Differences between External and Internal tables in Hive
There are two ways to create tables in the Hive context and this post we'll show the differences, advantages and disadvantages.
Internal tables are known as Managed tables and we'll understand the reason in the following. Now, let's create an internal table using SQL in the Hive context and see the advantages and disadvantages.
create table coffee_and_tips_table (name string, age int, address string) stored as textfile;
To be honest I wouldn't say that it's an advantage but Internal tables are managed by Hive
Internal tables can't access remote storage services for example in clouds like Amazon AWS, Microsoft Azure and Google Cloud.
Dropping Internal tables all the data including metadata and partitions will be lost.

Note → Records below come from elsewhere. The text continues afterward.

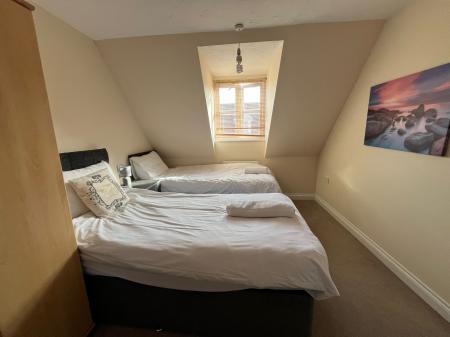 5 bedroom Semi-detached house to let in Hatcher Crescent, Hythe Quay, Colchester, CO2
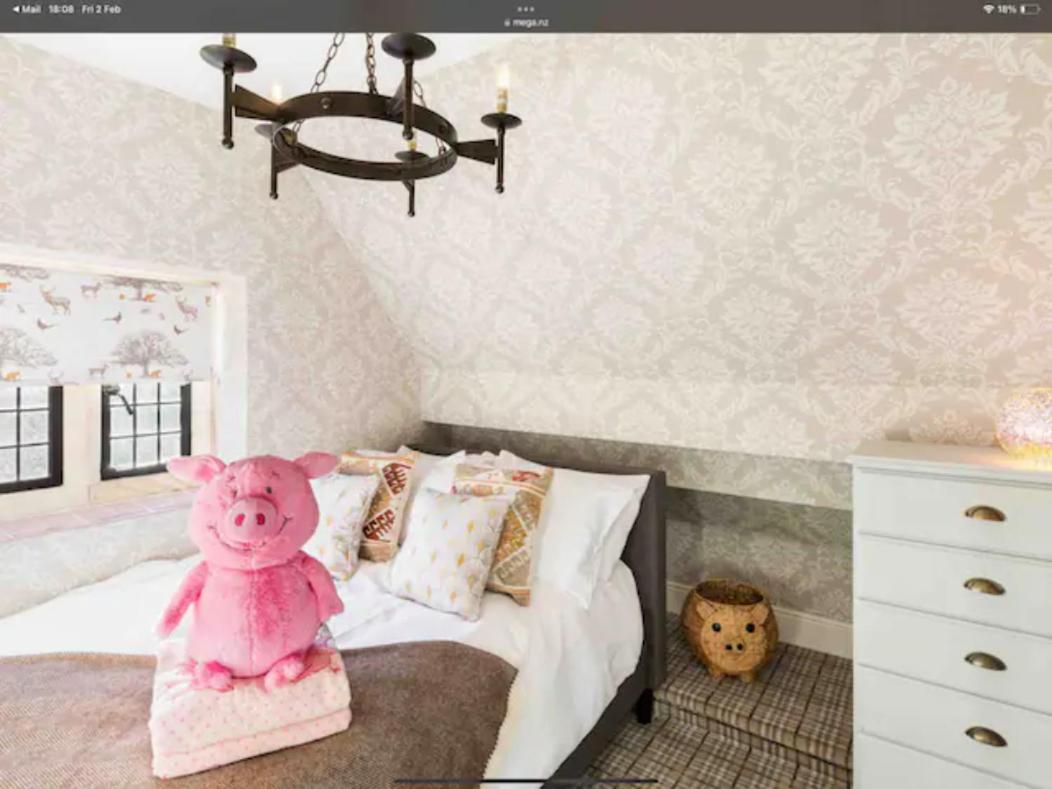 Piglet Lodge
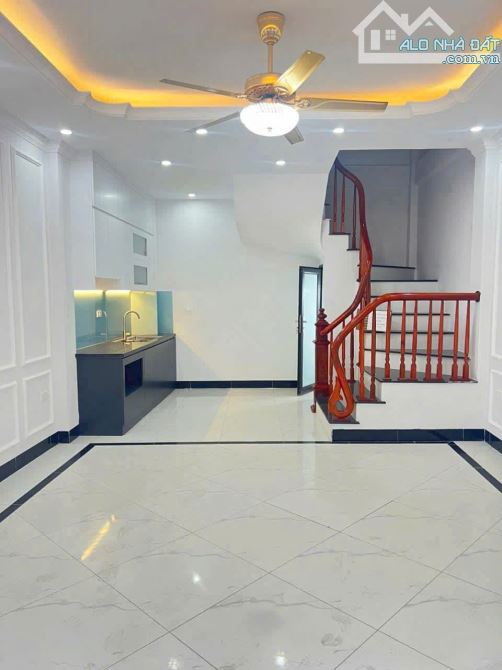 BÁN NHÀ 5 TẦNG – 30M² – TÂN LẬP - 2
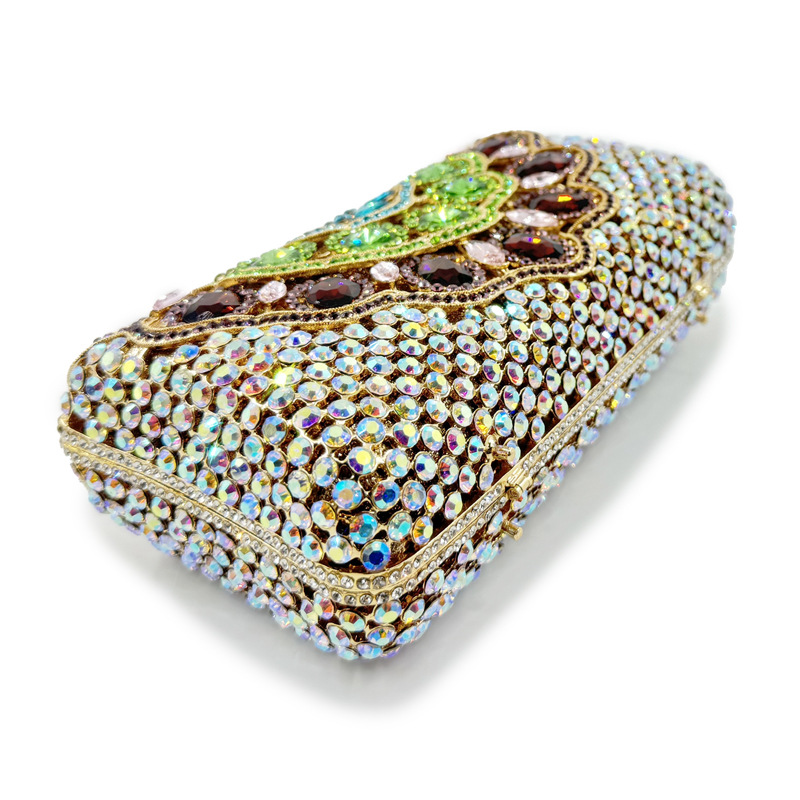 Büyük Rhinestones Ile Şık Çiçe - Interior Design With Ai incelemesi ve fiyatı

External tables has some interesting features compared to Internal tables and it's a good and recommended approach when we need to create tables.
In the script below you can see the difference between Internal table creation and External table related to the last section. We just added the reserved word external in the script.
create external table coffee_and_tips_external (name string, age int, address string) stored as textfile;
The data and metadata won't be lost if drop table
External tables can be accessed and managed by external process
External tables allows access to remote storage service as a source location
Again, I wouldn't say that it's a disadvantage but if you need to change schema or dropping a table, probably you'll need to run a command to repair the table as shown below.
msck repair table <table_name>
Depending on the volume, this operation may take some time to complete.
To check out a table type, run the following command below and you'll see at the column table_type the result.
hive> describe formatted <table_name>
That's it, I hope you guys enjoy it!